Take Lv-sh-SIRT1 or the Lv-sh-Scramble slow virus expression plasmid of 15-20 μ g, in mixed liquor, drip the CaCl of 50 μ L2.5M respectively2It is separately added into sterilized water again to cumulative volume 500 μ L, 500 μ L2 × HBS buffer solution (2 × HBS buffer solution shakes before using on turbula shaker) is added after mixing, it is subsequently placed on turbula shaker concussion more than 10s, after completion of dropwise addition, continues concussion, after room temperature is placed 5 minutes, liquid is added in the 293T cultivated, after adding, all around rocks mixing, the DMEM(v/v renewing fresh 10%FBS in after addition 6-12 hour) nutrient solution.
(2) collection of slow virus Lv-sh-SIRT1 and Lv-sh-Scramble and purifying
Start latter 48 hours, 72 hours respectively to collect a cell training liquid from transfection, after 48 hours collect, it is supplemented with the training liquid of 15mL, the virus collected centrifugal 10min under the conditions of 1000rpm is removed cell fragment, collect supernatant, and with the membrane filtration of 0.45 μm, filtrate is transferred to the evaporating column of Millopore, the liquid volume being centrifuged to the groove of upper strata at 5000rpm is concentrated into 1mL(and can add several times).Concentrate is dispensed, is placed in-80 DEG C of low temperature refrigerators and preserves.
(3) HCC T1224 selected by flow cytometry apoptosis Nanog masculine liver cancer stem cell (is designated as NanogPos), then by the Nanog of sortingPosIt is planted in 6 orifice plates, treats that cell length is to 1 × 106Time, by counting by cell seeding in 24 holes, every porocyte is 200, the repetition of 3, each sample, next day adds the Sorafenib of 0 μM and 2.5 μMs of concentration respectively, every 3d sucking-off nutrient solution, then add identical concentration, continuous processing 4 times, fix with the paraformaldehyde that mass fraction is 4% after i.e. 12 days, violet staining, observes and counts the cloning efficiency of every porocyte, and result is as shown in A and B in Fig. 2.From A in Fig. 2, concentration is that liver-cancer stem cell clonality is not affected by the Sorafenib of 2.5 μMs, and difference is the most notable, it may be possible to after Long-Time Service Sorafenib, liver-cancer stem cell creates drug resistance to Sorafenib.

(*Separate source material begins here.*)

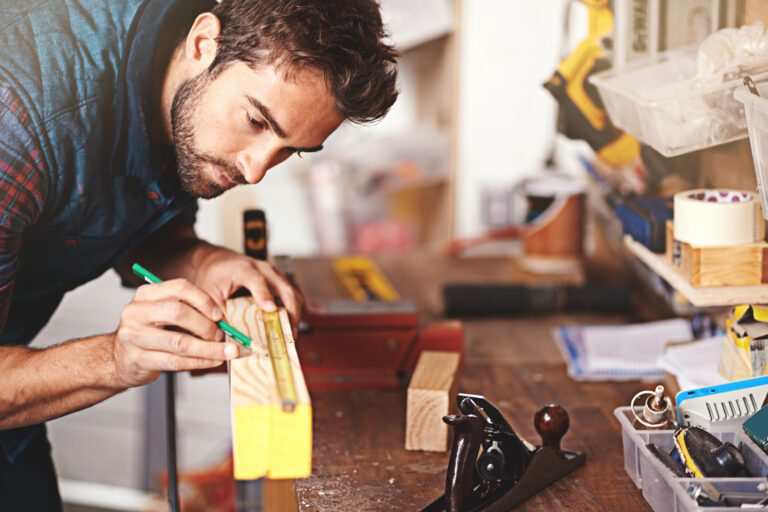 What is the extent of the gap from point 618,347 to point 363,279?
764 millimetres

Nanog according to method sorting same as described abovePos, then it is planted in 6 orifice plates, treats that cell length is to 1 × 106Time, add slow virus Lv-sh-SIRT1 particle, after 72 hours, streaming counting is planted in 24 holes, and every porocyte is 200, the repetition of 3, each sample.Next day adds the Sorafenib of 0 μM and 2.5 μMs of concentration respectively, every 3d sucking-off nutrient solution, then adds identical concentration, continuous processing 4 times, fixes with the paraformaldehyde that mass fraction is 4% after i.e. 12 days, violet staining, observing and count the cloning efficiency of every porocyte, result is as shown in A in Fig. 2.From A in Fig. 2, NanogPosAfter interference SIRT1 expresses, after adding 2.0 μMs of Sorafenibs process 12 days, the Clone formation power of liver-cancer stem cell is substantially less than the liver-cancer stem cell that interference SIRT1 expresses.Therefore, the expression reducing SIRT1 can reduce the liver-cancer stem cell tolerance to Sorafenib.

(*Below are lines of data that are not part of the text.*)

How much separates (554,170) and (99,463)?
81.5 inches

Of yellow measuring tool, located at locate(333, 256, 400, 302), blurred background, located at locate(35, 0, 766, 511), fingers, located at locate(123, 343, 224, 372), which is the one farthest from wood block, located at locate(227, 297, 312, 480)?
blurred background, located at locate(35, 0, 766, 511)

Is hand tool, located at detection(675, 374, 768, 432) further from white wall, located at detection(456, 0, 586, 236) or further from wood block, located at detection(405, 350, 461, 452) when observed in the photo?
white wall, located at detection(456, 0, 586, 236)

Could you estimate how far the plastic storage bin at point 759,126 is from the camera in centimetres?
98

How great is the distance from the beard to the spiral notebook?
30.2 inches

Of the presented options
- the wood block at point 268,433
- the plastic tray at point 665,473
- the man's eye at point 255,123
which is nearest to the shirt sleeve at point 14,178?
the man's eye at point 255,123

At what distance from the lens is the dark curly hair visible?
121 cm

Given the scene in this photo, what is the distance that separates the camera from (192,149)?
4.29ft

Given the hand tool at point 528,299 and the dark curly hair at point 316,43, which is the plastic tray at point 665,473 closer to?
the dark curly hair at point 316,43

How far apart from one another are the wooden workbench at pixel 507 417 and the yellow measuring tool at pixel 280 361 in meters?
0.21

According to method sorting Nanog same as described abovePos, then it is planted in 6 orifice plates, treats that cell length is to 1 × 106Time, by counting by cell seeding in 24 holes, every porocyte is 200, the repetition of 3, each sample, adds the TV-6 that concentration is 2 μMs next day and processes 48 hours, then fix with the paraformaldehyde that mass fraction is 4%, violet staining, observes and counts the cloning efficiency of every porocyte.Then according to identical method, after processing cell 48 hours with the inhibitor TV-6 of the SIRT1 that concentration is 2 μMs, adding concentration is that 2.5 μMs of Sorafenibs process 12 days, then observes cloning efficiency, and its result is as shown in B in Fig. 2.

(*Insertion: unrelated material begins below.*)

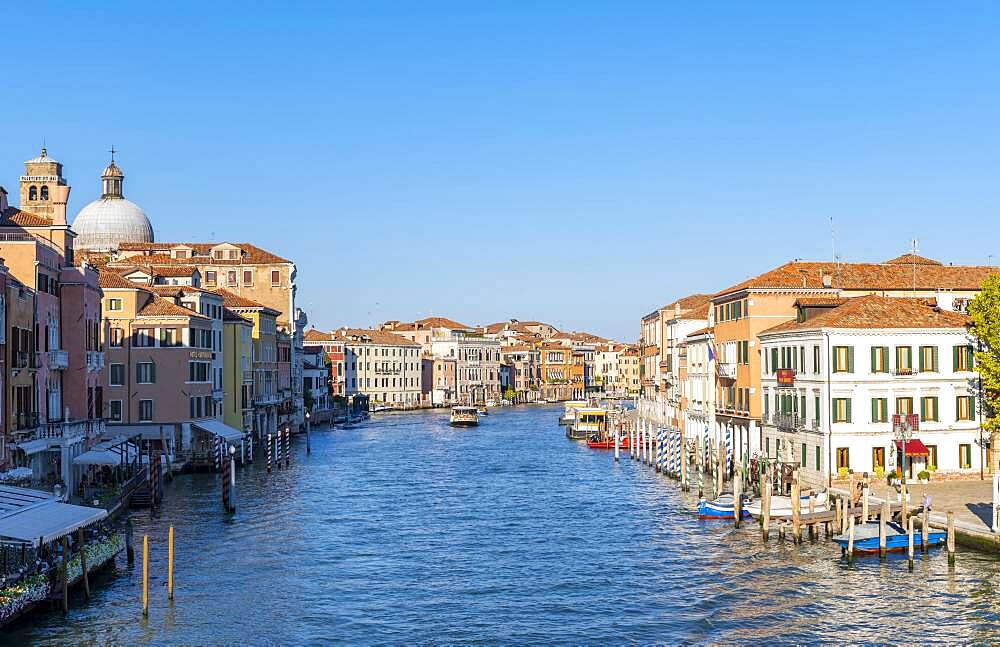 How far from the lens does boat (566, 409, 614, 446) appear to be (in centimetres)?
8131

From B in Fig. 2, processing with the Sorafenib of 2.5 μMs for a long time and not affect liver-cancer stem cell Clone formation, after processing with the TV-6 that concentration is 2 μMs, liver-cancer stem cell clonality significantly reduces.And after disturbing SIRT1 to express, after adding 2.5 μMs of Sorafenibs process 12 days, the Clone formation of liver-cancer stem cell does not substantially less than interfere with the control group (p < 0.001) that SIRT1 expresses.Processing cell with the inhibitor TV-6 of SIRT1, add 2.5 μMs of Sorafenibs, after 12 days, its liver-cancer stem cell Clone formation is substantially less than the control group (p < 0.001) processed without TV-6 equally.Result shows, the high expressed of SIRT1 is the root that cancer treatment drug-Sorafenib treatment liver cancer produces resistance.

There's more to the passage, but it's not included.